Replicates generate_with_prefix_cache_block_diff_sbd from the original eval.py but uses NemotronLabsDiffusionAttention’s inference mode instead of HF past_key_values.
- Parameters:
model – Megatron GPTModel on CUDA.
prompt – [batch, prompt_len] token ids.
gen_length – total number of tokens to generate.
block_length – size of each denoising block.
steps – total denoising steps across all blocks.
temperature – sampling temperature for Gumbel noise.
remasking – remasking strategy (“low_confidence” or “random”).
mask_id – mask token id.
threshold – optional denoising confidence threshold.
shift_logits – if True, use dream-style shifted logits (position i-1 predicts token i, i.e. next-token prediction). If False, each masked position’s logits predict its own token directly. For dLLM this should typically be False; for AR-style models use True.

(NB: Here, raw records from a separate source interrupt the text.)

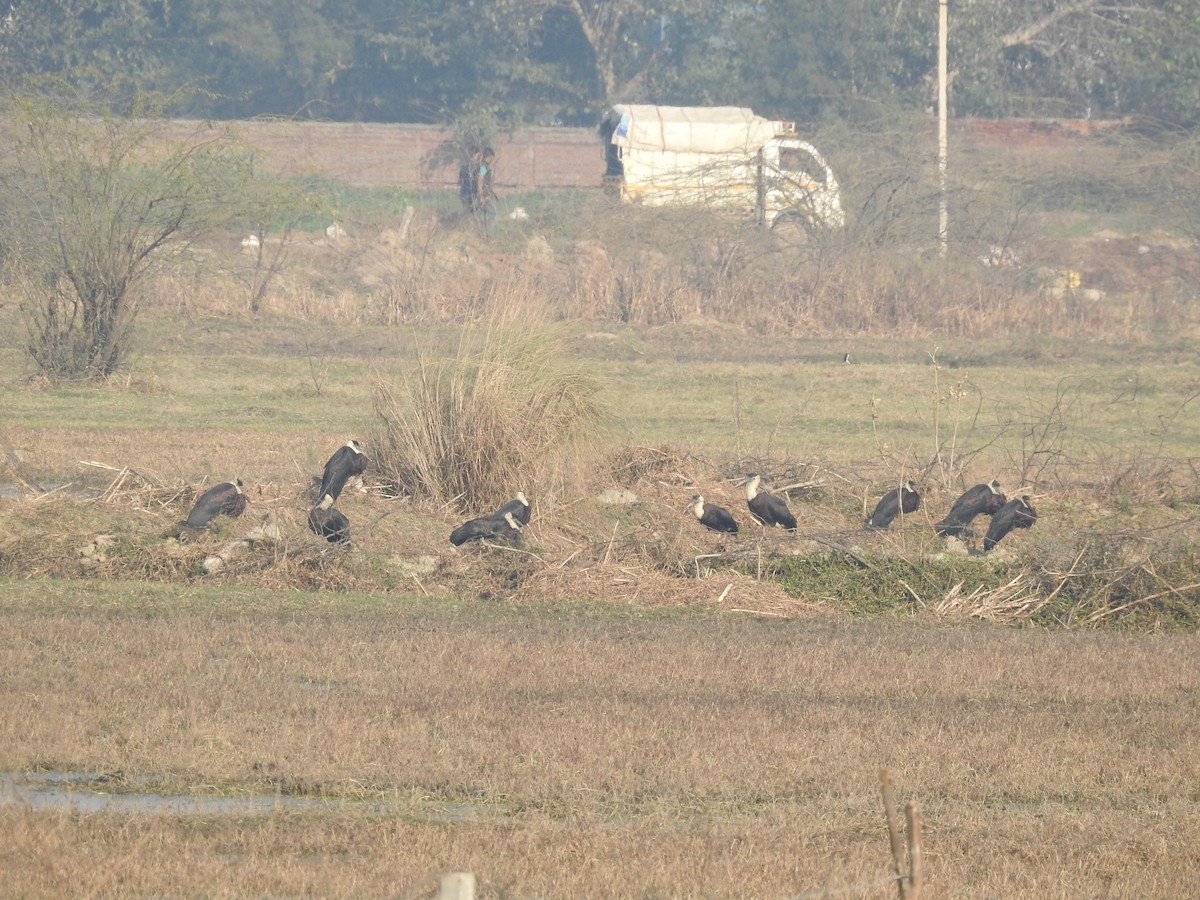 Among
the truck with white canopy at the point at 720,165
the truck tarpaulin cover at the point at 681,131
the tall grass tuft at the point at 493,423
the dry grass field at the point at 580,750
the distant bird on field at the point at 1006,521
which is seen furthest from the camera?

neg_entropy – if True, use negative entropy for confidence scoring.
- Returns:
[batch, prompt_len + gen_length] full sequence with generated tokens. nfe: number of forward evaluations used.
- Return type:
x_accum
- bridge.diffusion.models.nemotron_labs_diffusion.inference_nemotron_labs_diffusion.tp_send_stop()#
Tell TP followers to exit their loop.
- bridge.diffusion.models.nemotron_labs_diffusion.inference_nemotron_labs_diffusion.tp_follower_loop(model)#
Blocking loop for TP-non-rank-0 processes.
Waits for commands from the TP-rank-0 process and mirrors all model operations (set_inference_mode, set_inference_params, clear_kv_cache, model forward) so Megatron TP communication stays in sync.